# Word - nice list w/connecting dotted lines



## arlo (Oct 6, 2004)

I'm sure this is easy, but it's something I've missed in all my years using Word. I have a list of names and I want to tab over to give the title of each person, connected by dotted lines. So in the end I'll have two columns of text connected by dotted lines, everything nicely lined up. What's the best way to do this? Thank you.


----------



## sweetloop (Sep 29, 2004)

Here's how I've learned to do it:

1. Under the Format menu, select "Tabs".
2. In the top left corner of the box there is a textbox labelled "Tab Stop Position", type the position where you want your second column to line up. For example, if you want your second column located at 5.5 then put 5.5 in the box.
3. Select the alignment you want. In your case probably left.
4. Select the Leader you want. In your case dotted lines.
5. Click the "Set" button then click "OK"
6. Now in your document you can type the first name in the first column then hit tab and it will create dotted lines going to 5.5. Type the second name here and hit enter to go to the next line and repeat.

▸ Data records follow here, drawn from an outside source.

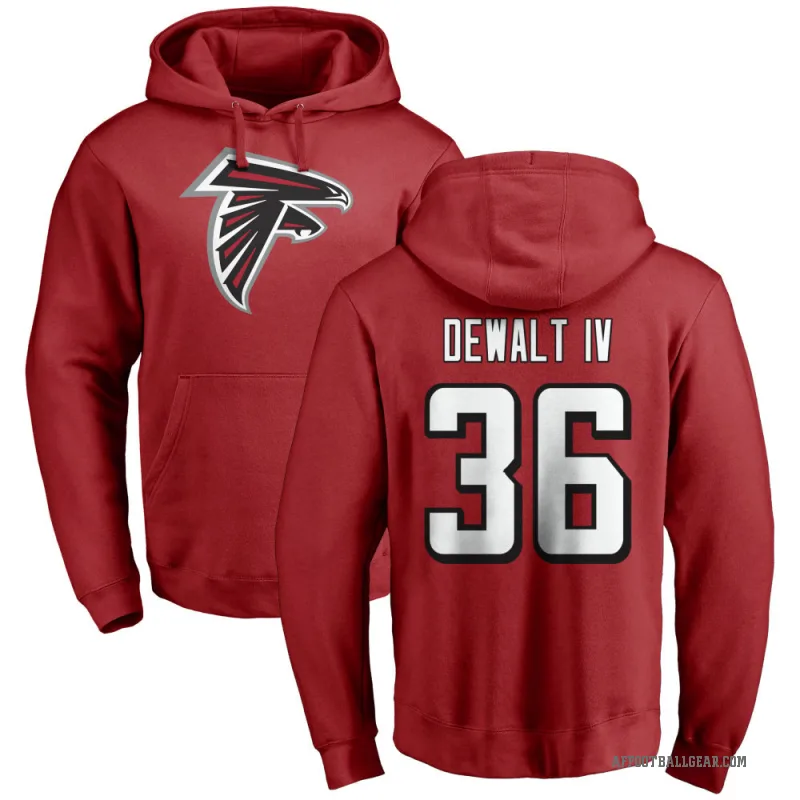 Malcolm DeWalt IV Men's Red Atlanta Falcons Pro Line Logo Pullover Hoodie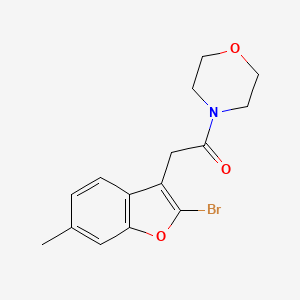 molecular formula C15H16BrNO3 B5322714 4-[(2-bromo-6-methyl-1-benzofuran-3-yl)acetyl]morpholine 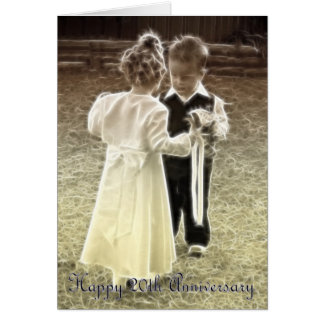 20th Wedding Anniversary Happy Anniversary Card
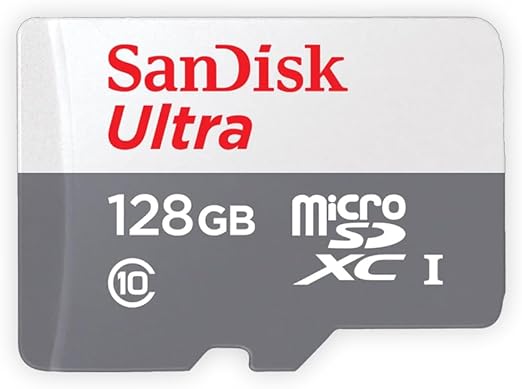 Made for Amazon SanDisk 128GB microSD Memory Card for Fire Tablets and Fire -TV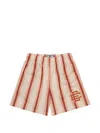 Eric Emanuel Ee Basic Striped Shorts In Multi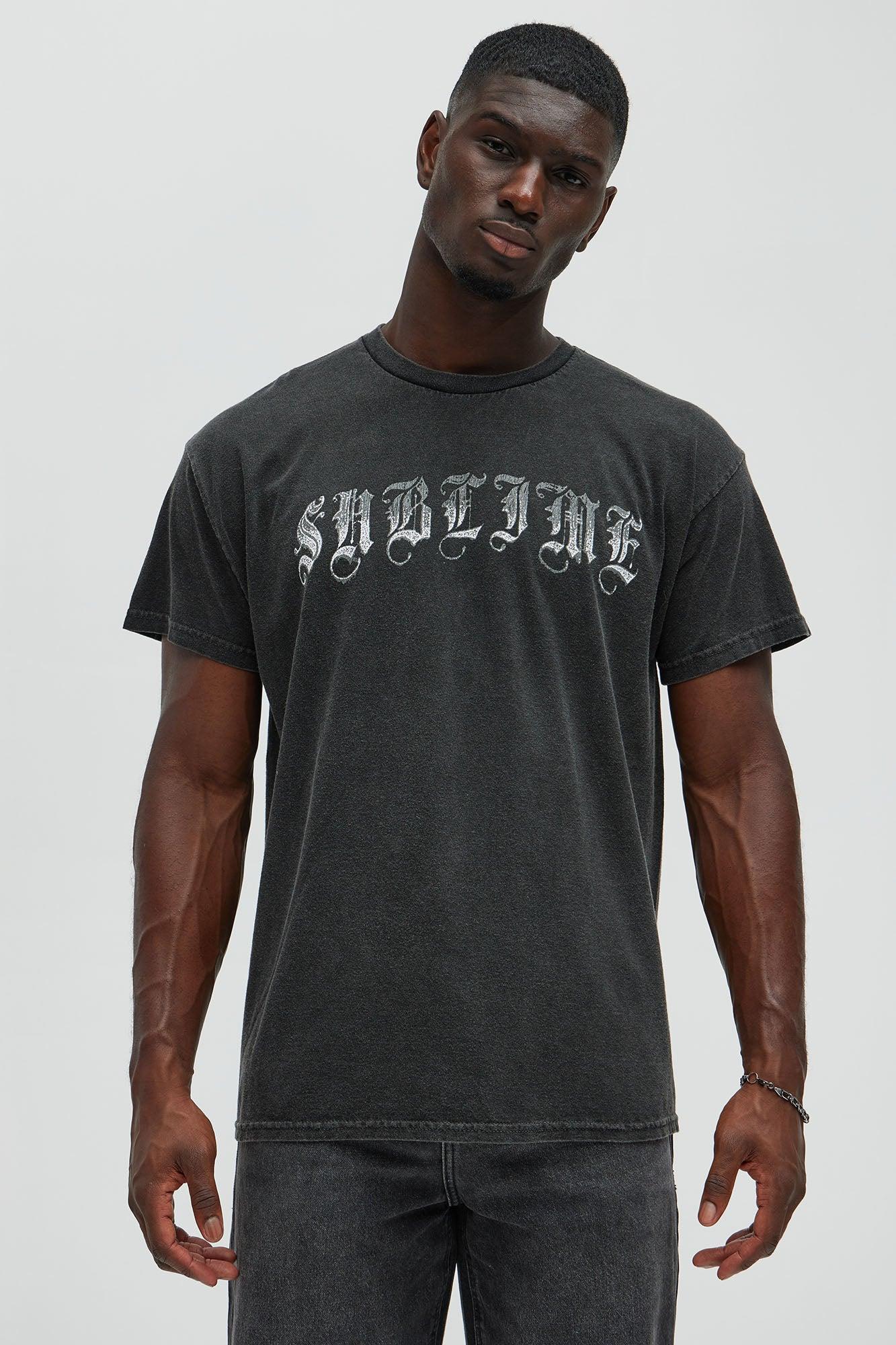 Sublime Oversized Short Sleeve Tee - Black Product Image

Once you are done you can go back into the Tabs menu and select "Clear All" to clear the tabs you have created if you don't want this option for your entire document.


----------



## arlo (Oct 6, 2004)

Thanks, this really helped. I couldn't get it to work with the existing list, so I just retyped it. It was worth it. It really looks nice now. I need to sit down and read about tabs and indents -- I've never mastered them. Thanks again!


----------